* TASK GOAL:
Lines outside the range are not wanted. Give again exactly the lines between the line holding "Gray Location Map" and the line holding "Two overlapping hearts", inclusive, from the listing below.

Start of Block

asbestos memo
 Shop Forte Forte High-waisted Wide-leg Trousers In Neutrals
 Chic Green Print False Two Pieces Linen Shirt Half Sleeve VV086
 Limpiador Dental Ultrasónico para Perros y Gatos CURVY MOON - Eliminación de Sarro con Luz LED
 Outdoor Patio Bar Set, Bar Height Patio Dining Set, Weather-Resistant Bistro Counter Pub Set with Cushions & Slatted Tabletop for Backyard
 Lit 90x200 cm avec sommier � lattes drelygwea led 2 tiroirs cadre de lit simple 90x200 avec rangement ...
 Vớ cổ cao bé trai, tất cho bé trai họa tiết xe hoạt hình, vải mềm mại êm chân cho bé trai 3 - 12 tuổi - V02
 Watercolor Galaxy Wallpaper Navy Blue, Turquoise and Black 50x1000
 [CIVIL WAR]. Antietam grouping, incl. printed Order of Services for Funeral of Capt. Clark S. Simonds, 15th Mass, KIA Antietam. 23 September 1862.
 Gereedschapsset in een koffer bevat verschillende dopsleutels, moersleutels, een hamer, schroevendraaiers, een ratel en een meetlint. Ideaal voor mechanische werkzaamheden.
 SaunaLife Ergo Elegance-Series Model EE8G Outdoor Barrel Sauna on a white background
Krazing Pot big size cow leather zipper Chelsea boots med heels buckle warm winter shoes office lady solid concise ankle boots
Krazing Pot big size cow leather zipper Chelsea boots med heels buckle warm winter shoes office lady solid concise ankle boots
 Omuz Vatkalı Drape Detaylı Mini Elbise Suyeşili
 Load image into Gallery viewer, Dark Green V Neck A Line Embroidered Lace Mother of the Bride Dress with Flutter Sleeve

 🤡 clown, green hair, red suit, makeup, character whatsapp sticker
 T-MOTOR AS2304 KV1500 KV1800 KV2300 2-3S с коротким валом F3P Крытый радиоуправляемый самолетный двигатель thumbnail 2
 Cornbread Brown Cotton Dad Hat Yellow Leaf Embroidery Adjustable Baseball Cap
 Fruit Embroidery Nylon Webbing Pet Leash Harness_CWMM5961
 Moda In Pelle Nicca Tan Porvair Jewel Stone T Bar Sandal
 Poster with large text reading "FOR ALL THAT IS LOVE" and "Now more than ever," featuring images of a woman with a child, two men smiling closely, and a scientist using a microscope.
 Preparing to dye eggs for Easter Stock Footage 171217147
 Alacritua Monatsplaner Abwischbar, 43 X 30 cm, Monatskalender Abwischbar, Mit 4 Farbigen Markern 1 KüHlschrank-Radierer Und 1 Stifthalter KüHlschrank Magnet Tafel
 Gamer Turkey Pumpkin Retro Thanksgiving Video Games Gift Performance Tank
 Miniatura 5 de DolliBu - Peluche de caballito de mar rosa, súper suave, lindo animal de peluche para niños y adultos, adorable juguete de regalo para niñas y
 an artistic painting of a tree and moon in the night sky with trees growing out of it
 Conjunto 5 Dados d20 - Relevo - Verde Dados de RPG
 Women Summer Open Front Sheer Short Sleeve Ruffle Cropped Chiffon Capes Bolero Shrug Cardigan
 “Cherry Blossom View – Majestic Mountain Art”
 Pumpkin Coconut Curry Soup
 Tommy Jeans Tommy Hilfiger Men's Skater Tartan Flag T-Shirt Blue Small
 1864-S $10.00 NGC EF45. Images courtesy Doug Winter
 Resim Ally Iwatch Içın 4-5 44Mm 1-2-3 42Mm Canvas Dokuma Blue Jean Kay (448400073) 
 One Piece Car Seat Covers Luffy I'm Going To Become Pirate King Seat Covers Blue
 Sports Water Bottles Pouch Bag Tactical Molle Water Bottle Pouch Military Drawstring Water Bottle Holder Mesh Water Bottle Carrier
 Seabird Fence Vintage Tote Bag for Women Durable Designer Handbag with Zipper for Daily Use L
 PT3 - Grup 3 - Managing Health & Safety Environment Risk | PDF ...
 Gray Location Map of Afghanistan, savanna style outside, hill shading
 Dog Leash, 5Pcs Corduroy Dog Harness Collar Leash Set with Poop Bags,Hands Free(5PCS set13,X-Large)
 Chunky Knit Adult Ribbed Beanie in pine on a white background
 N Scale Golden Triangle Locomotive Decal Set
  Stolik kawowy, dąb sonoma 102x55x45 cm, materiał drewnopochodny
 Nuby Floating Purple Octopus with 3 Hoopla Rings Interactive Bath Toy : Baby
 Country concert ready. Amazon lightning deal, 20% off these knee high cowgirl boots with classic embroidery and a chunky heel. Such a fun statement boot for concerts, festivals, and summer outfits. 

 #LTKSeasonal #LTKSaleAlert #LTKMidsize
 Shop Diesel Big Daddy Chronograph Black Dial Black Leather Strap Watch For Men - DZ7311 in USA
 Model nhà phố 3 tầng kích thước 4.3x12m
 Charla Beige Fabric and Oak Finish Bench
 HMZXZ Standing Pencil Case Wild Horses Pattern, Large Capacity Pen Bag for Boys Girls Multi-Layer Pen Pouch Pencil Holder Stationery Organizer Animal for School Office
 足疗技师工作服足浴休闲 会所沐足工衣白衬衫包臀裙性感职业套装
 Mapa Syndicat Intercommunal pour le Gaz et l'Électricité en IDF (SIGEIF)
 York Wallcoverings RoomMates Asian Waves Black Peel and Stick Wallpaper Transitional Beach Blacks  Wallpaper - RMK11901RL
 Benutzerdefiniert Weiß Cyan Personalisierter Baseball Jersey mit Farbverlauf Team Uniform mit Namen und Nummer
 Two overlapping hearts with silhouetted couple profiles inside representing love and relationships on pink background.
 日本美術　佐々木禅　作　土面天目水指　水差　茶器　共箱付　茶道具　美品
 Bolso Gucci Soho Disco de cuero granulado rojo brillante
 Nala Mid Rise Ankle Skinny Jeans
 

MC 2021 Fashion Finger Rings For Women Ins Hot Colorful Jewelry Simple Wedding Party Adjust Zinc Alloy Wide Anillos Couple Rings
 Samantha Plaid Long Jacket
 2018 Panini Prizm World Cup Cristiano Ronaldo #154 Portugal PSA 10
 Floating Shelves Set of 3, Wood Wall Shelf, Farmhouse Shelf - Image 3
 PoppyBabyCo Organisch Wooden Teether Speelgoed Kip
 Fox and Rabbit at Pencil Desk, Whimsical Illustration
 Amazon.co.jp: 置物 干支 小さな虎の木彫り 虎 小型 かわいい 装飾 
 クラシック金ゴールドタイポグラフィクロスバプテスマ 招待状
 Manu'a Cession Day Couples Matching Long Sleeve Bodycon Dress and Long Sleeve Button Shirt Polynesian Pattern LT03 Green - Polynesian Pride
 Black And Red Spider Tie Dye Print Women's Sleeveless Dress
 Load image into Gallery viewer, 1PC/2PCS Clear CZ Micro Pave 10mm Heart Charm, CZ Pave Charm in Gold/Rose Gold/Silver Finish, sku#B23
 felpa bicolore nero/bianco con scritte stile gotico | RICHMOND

End of Block

* COMPLETED TASK:
 Gray Location Map of Afghanistan, savanna style outside, hill shading
 Dog Leash, 5Pcs Corduroy Dog Harness Collar Leash Set with Poop Bags,Hands Free(5PCS set13,X-Large)
 Chunky Knit Adult Ribbed Beanie in pine on a white background
 N Scale Golden Triangle Locomotive Decal Set
  Stolik kawowy, dąb sonoma 102x55x45 cm, materiał drewnopochodny
 Nuby Floating Purple Octopus with 3 Hoopla Rings Interactive Bath Toy : Baby
 Country concert ready. Amazon lightning deal, 20% off these knee high cowgirl boots with classic embroidery and a chunky heel. Such a fun statement boot for concerts, festivals, and summer outfits. 

 #LTKSeasonal #LTKSaleAlert #LTKMidsize
 Shop Diesel Big Daddy Chronograph Black Dial Black Leather Strap Watch For Men - DZ7311 in USA
 Model nhà phố 3 tầng kích thước 4.3x12m
 Charla Beige Fabric and Oak Finish Bench
 HMZXZ Standing Pencil Case Wild Horses Pattern, Large Capacity Pen Bag for Boys Girls Multi-Layer Pen Pouch Pencil Holder Stationery Organizer Animal for School Office
 足疗技师工作服足浴休闲 会所沐足工衣白衬衫包臀裙性感职业套装
 Mapa Syndicat Intercommunal pour le Gaz et l'Électricité en IDF (SIGEIF)
 York Wallcoverings RoomMates Asian Waves Black Peel and Stick Wallpaper Transitional Beach Blacks  Wallpaper - RMK11901RL
 Benutzerdefiniert Weiß Cyan Personalisierter Baseball Jersey mit Farbverlauf Team Uniform mit Namen und Nummer
 Two overlapping hearts with silhouetted couple profiles inside representing love and relationships on pink background.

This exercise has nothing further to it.